‘How Africans view women’

Kenyan artist Maral Bolouri with her award winning installation entitled 'Mothers and Others'. PHOTO | COURTESY
Kenyan artist Maral Bolouri with her award winning installation entitled 'Mothers and Others'. PHOTO | COURTESY 

Maral Bolouri is a Kenya-based visual artist exploring issues of gender and identity in art. That is how she arrived at creating her award-winning ‘Mother and Others’.

Her installation focused on women’s portrayal in African proverbs won first prize at ABSA-Barclays’ ‘L’Atelier’ 2017.

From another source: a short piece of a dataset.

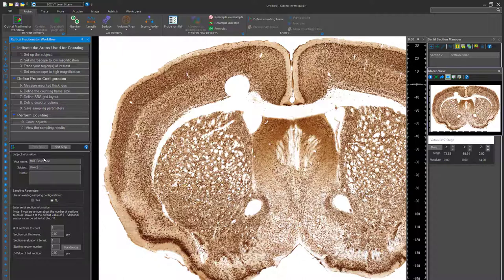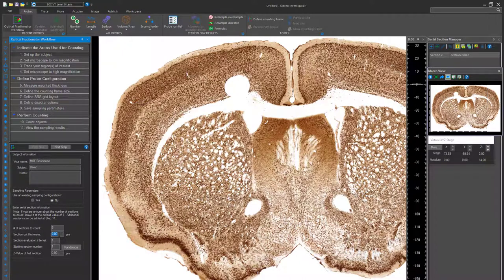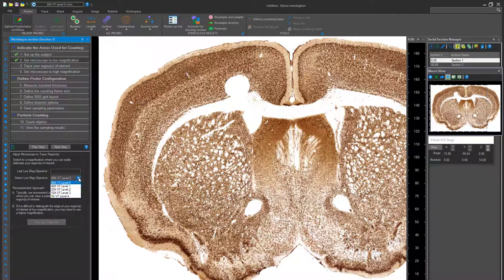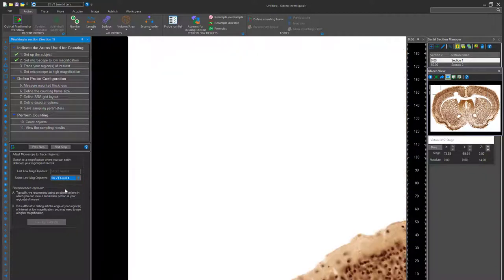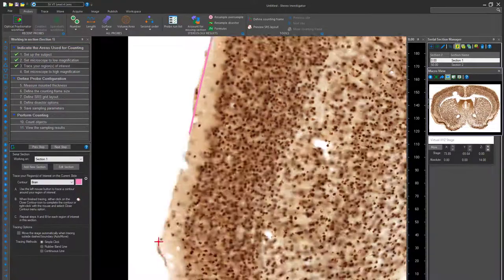First, the Optical Fractionator. After clicking on the workflow tab, you will be asked to do the initial setup. Set your microscope to low magnification and move on to trace your area, or areas, of interest.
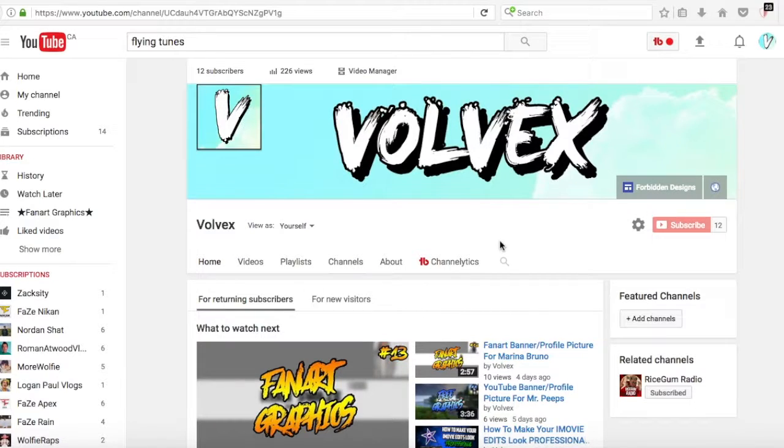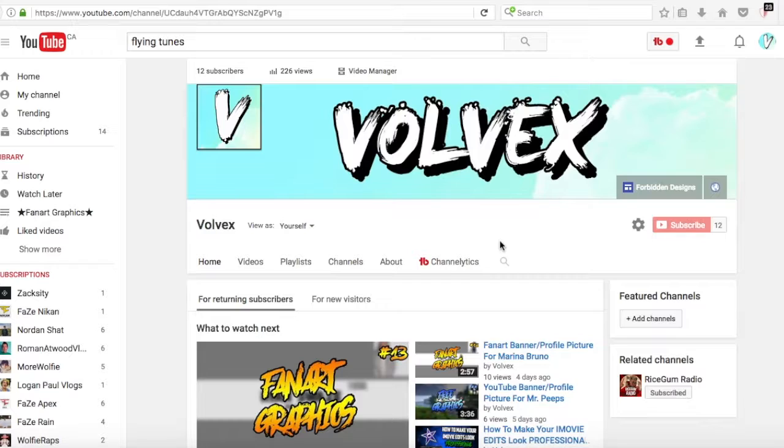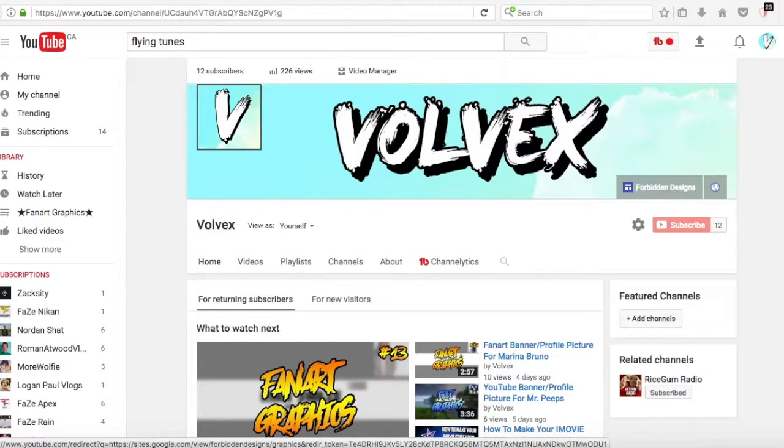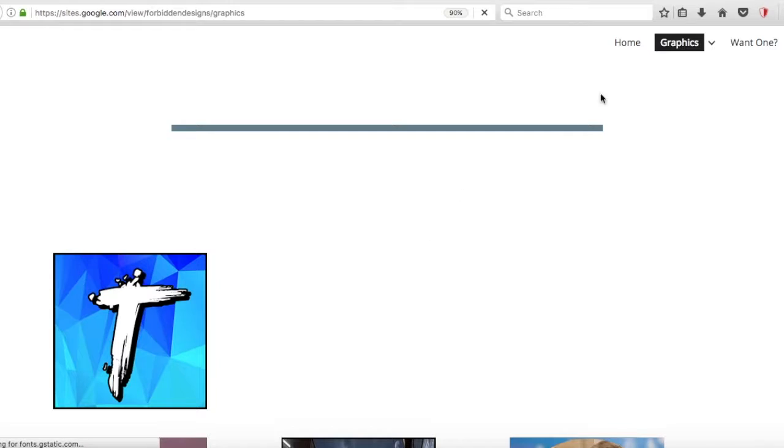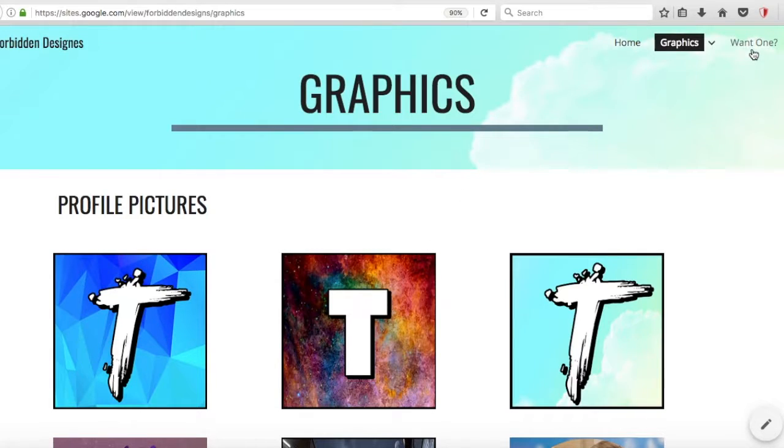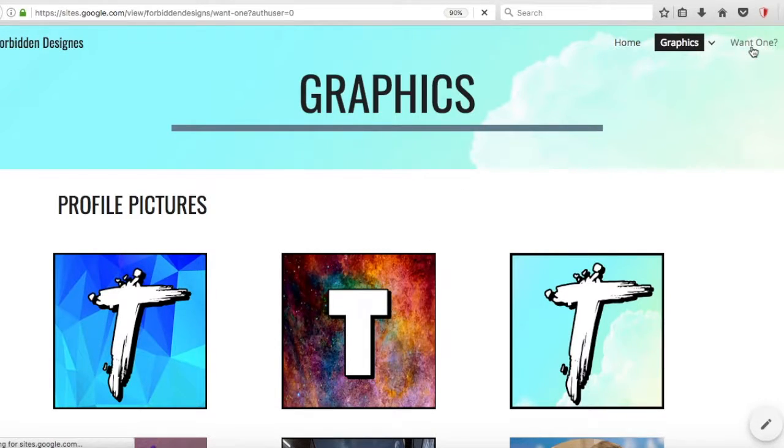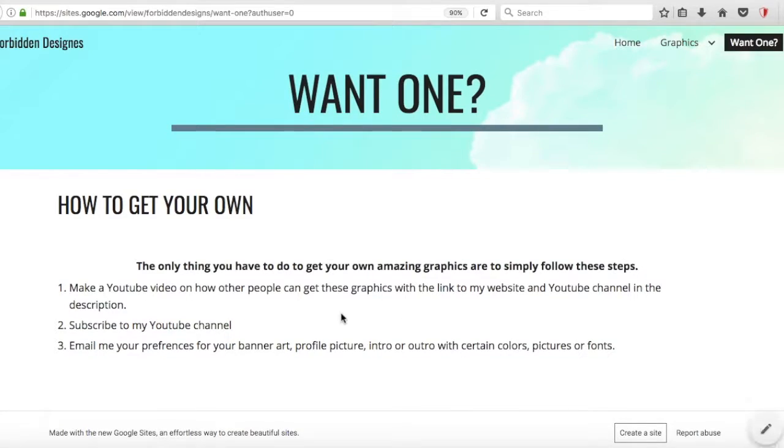Hey guys, just real quick before the video starts if you want any banners or profile pictures for free, be sure to check out my website Veldon Designs. Link will be in the description and if you want one just come up to this little tab and click. All the details will be in here. Other than that, I'm gonna get the video started. Let's go.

Maral studied painting at the Art University of Tehran and earned a Master’s degree in International Contemporary Art & Design Practice from Malaysia. She has exhibited her art in Iran, USA, Belgium, South Africa and Malaysia.

Her studio is at Kuona Trust. Her ‘L’Atelier’ award includes a six-month residency in Paris plus a substantial cash prize. She spoke to MARGARETTA WA GACHERU


Has your life always been in art?

I drew when I was a child, but of course every child draws if you give them art supplies. I made my mind to study art when I was 17. I did my degree in painting but right after I graduated I stopped practising for two to three years then continued when I started doing my Master’s degree.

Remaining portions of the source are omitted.